The suit specifically calls out Nicolas Winding Refn's critically-acclaimed drama Drive, the trailer for which, Deming claims in the lawsuit, "promoted the film 'Drive' as very similar to the 'Fast and Furious,' or similar, series of movies." She's suing the film's production company, Film District, for the price of her movie ticket and to put a stop to "misleading movie trailers" in the future. Hollywood Reporter also indicates that Deming is leaving her case open, should similarly-disappointed viewers wish to turn it into a class action lawsuit.
For the record, this is the trailer for Drive.
For the record, this is the trailer for the most recent Fast and Furious movie, Fast Five, which came out five months prior to Drive. Do they seem similar to you?

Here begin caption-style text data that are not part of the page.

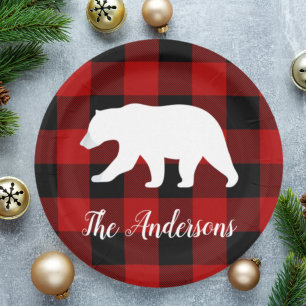 Red Buffalo Plaid & Bear   Personal Name Gift Paper Plate
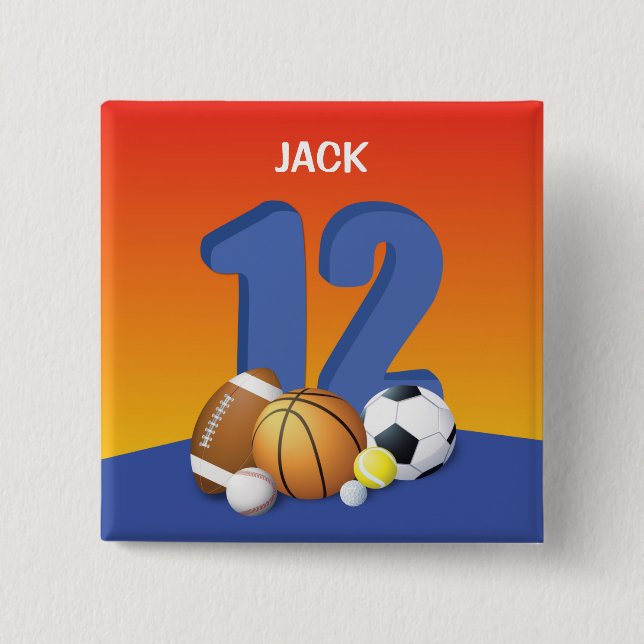 Boy 12:e Birthday Sports Bollar Knapp (Framsida)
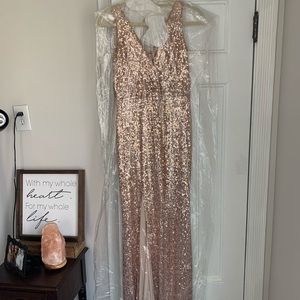 Badgley Mischka Rose Gold Sequin Gown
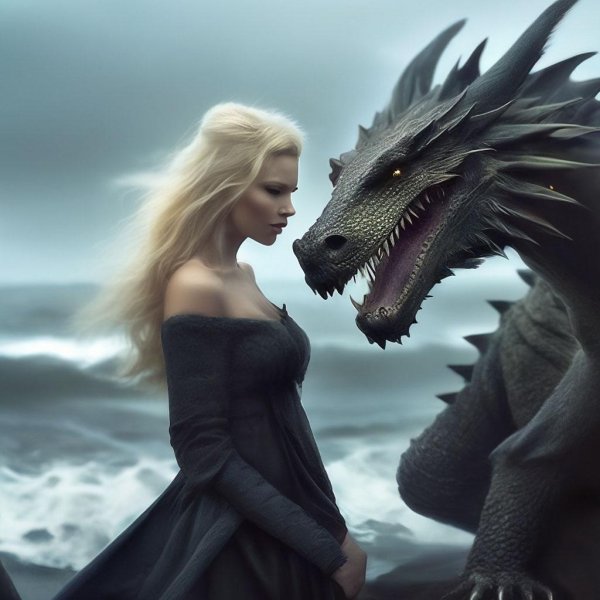 Дракон и девушка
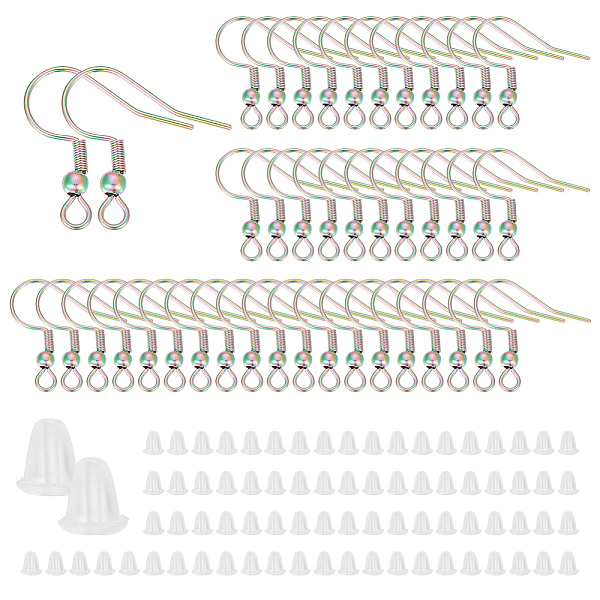 

PandaHall SUNNYCLUE 80Pcs Vacuum Plating 201 Stainless Steel Earring Hooks, French Hooks with Coil and Ball, with 80Pcs Plastic Ear Nuts...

Yeah, we don't think so either. Look, misleading movie trailers are a pain in the ass, but they're usually forgiven since, technically, all the footage is either in the movie, or was at least shot for the movie. But having seen Drive, we don't think that the trailer is misleading, even though it does foreground the action in a movie which doesn't have wall-to-wall explosions and gunfights. What it seems to boil down to is that this person didn't like the film they ultimately saw (which, for what it's worth, has a "93% Fresh" rating on Rotten Tomatoes and won a "Best Director" award at the prestigious Cannes Festival) and actually has enough time on their hands to bring a subjective interpretation of a film's pacing to court.
What's particularly telling is that the lawsuit also includes the following statement, which makes the singling out of Refn's film feel more like a political move than anything else: "'Drive' was a motion picture that substantially contained extreme gratuitous defamatory dehumanizing racism directed against members of the Jewish faith, and thereby promoted criminal violence against members of the Jewish faith."
Again, we saw the film, we loved it, and we're confident that the above statement isn't true. Some of the bad guys are Jewish, yes, but compared to the rampant racism and misogyny in, for example, Crank 2: High Voltage, Refn's Drive comes across smelling like a rose. That said, the lawsuit is about false advertising, not defamation, so even bringing it up feels like pandering for attention at best. At worst, it makes it feel like the lawsuit could just be a smokescreen to bring an entirely different complaint to court, which is, well, kind of like false advertising, isn't it?
Misleading movie trailers are a problem. They're just not Film District's problem. Not in this case, anyway.